### TASK GOAL:
Reproduce verbatim the line containing "Więcej na https://t.co/OLvrSXxMPz" and every line that follows it through the end of the entries below, omitting all pictures.

----- STORED DATA -----

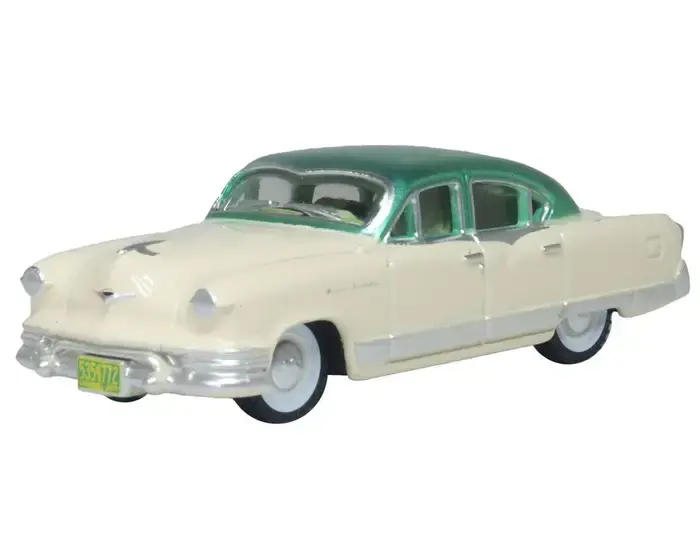 87KM53001 Kaiser Manhattan 1953 - Stardust Ivory / Jade Green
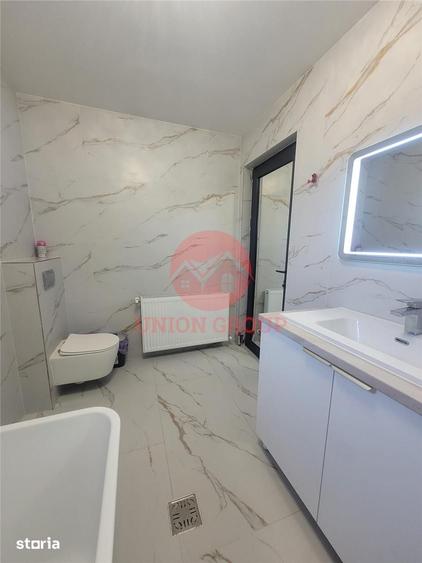 Casă cu 4 camere cu Teren 500 Mp în Castelu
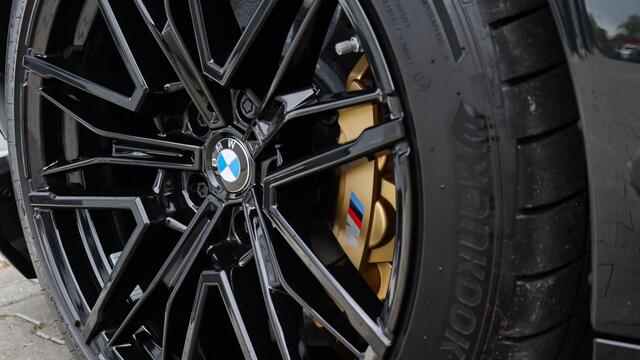 BMW M5 Touring | M Drivers Pack | Keramisch | Comfort Pack | Trekhaak | Carbon | Panoramadak | Head-up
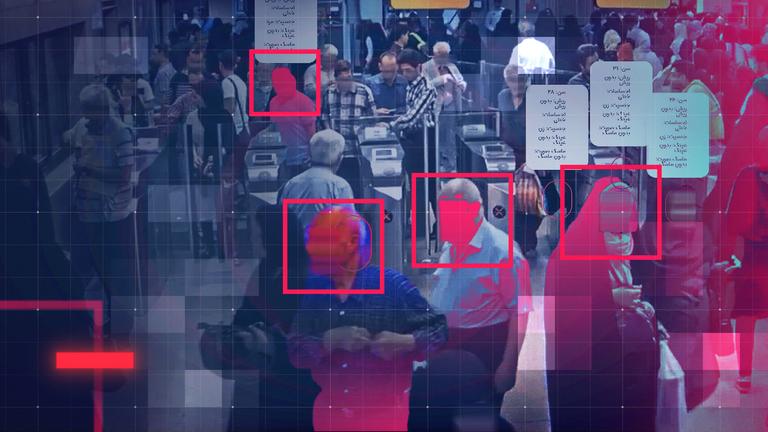 Eine Überwachungssoftware am Drehkreuz einer Metro-Station erfasst die Gesichter von Menschen.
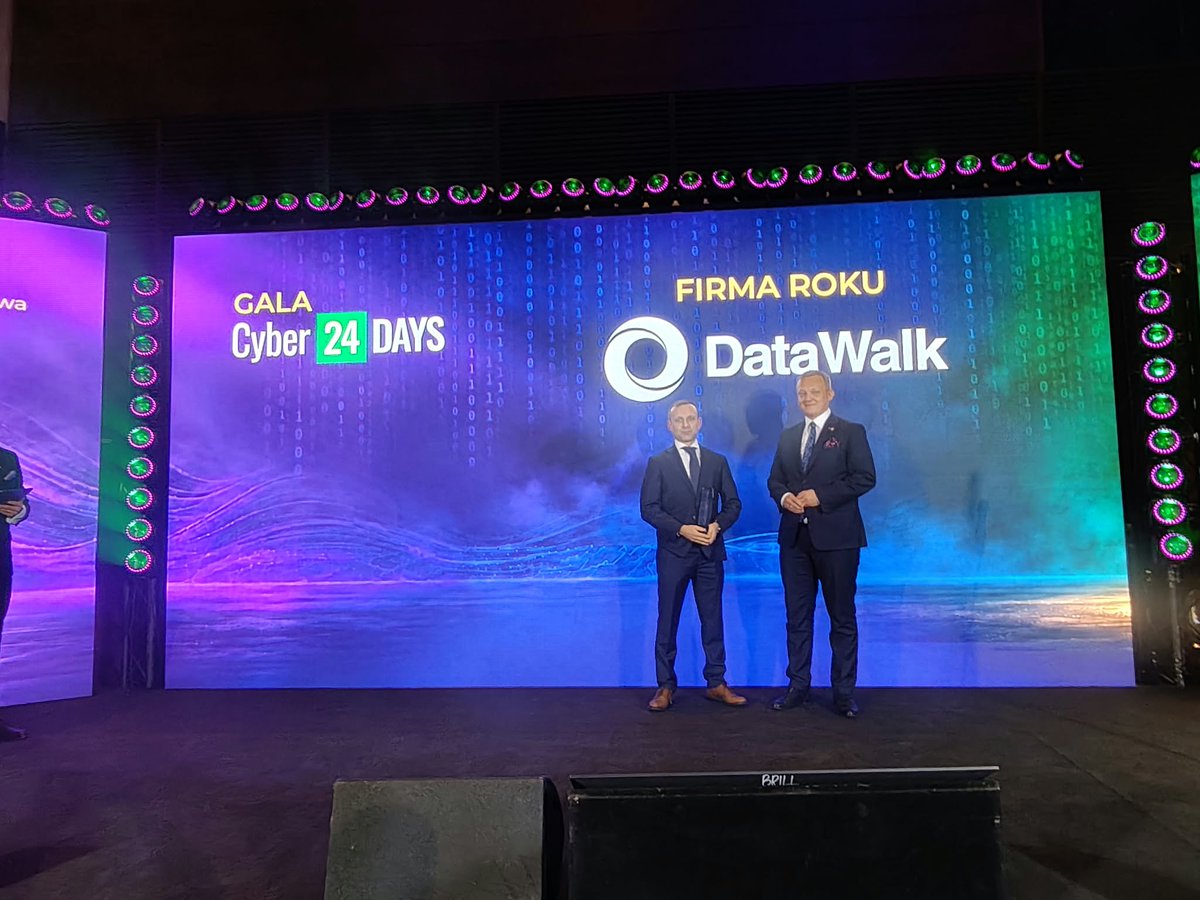Cyber24DAYS's tweet photo. 🏆 @DataWalk odebrała nagrodę Filary Cyberbezpieczeństwa 2026 w kategorii Firma Roku.

Za innowacyjność i technologie, które pomagają zamieniać dane w wiedzę i działanie.

Nagrody wręczono podczas pierwszego dnia #Cyber24Days.

Więcej na https://t.co/OLvrSXxMPz oraz na https://t.co/bxCl4YPXZR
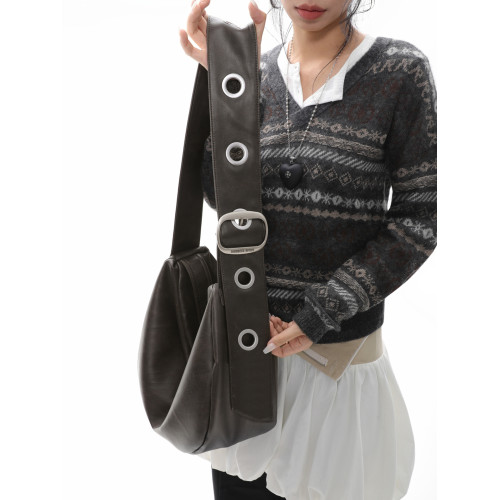 簡著25AW 原創 打洞系列2.0 做舊擦色寬肩帶斜背餃子包慵懶大容量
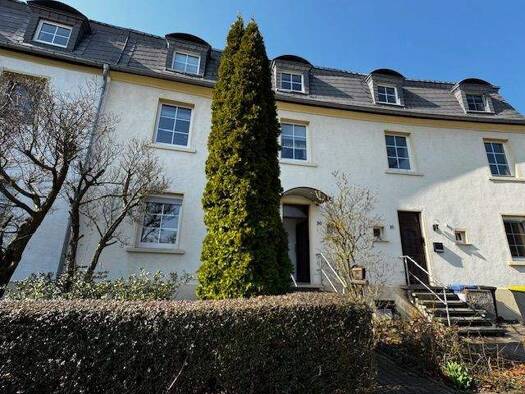 Reihenhaus zum Kauf 190.000 € 12 Zimmer 140 m² 453 m² Grundstück frei ab sofort Bayernring 30 Leuna 06237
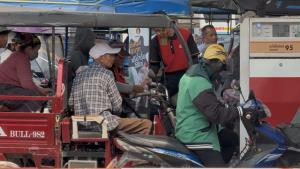 อึ้ง!น้ำมันฝั่งท่าขี้เหล็กทะลุขวด 200 บาท หลังคนแห่เติมล้นปั๊มแถมทะลักเติมฝั่งไทยทั้งวัน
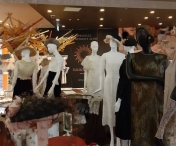 Expozitie de moda retro si targ de antichitati, la Iulius Mall Timisoara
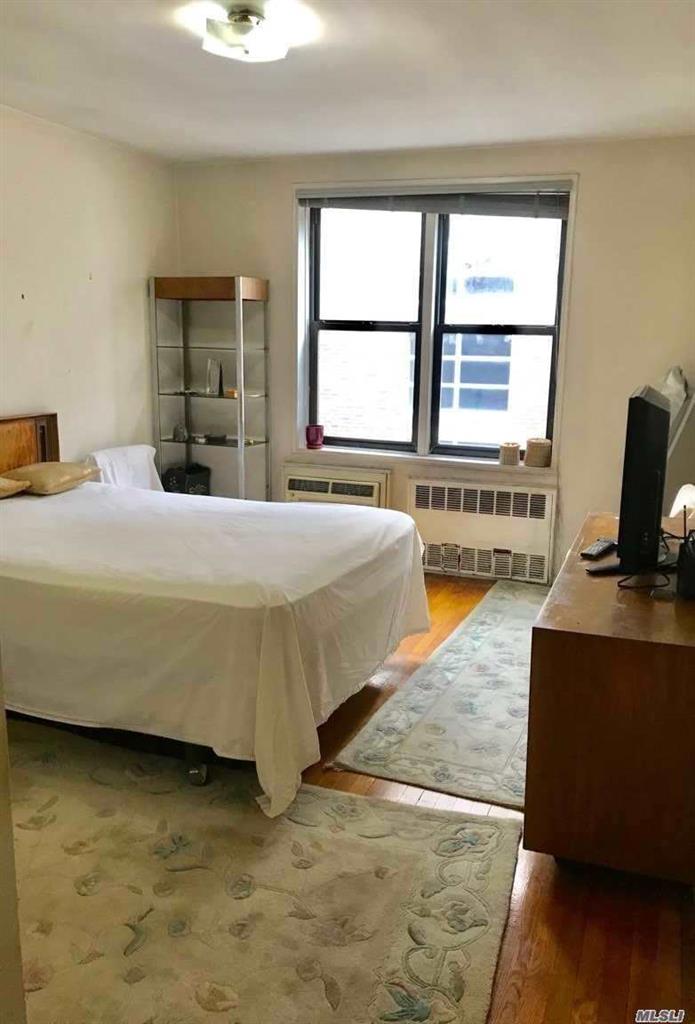 211 E 18th St Out of NYC Nyc NY 10003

-----

### REPLY TO THE TASK:
Więcej na https://t.co/OLvrSXxMPz oraz na https://t.co/bxCl4YPXZR
 簡著25AW 原創 打洞系列2.0 做舊擦色寬肩帶斜背餃子包慵懶大容量
 Reihenhaus zum Kauf 190.000 € 12 Zimmer 140 m² 453 m² Grundstück frei ab sofort Bayernring 30 Leuna 06237
 อึ้ง!น้ำมันฝั่งท่าขี้เหล็กทะลุขวด 200 บาท หลังคนแห่เติมล้นปั๊มแถมทะลักเติมฝั่งไทยทั้งวัน
 Expozitie de moda retro si targ de antichitati, la Iulius Mall Timisoara
 211 E 18th St Out of NYC Nyc NY 10003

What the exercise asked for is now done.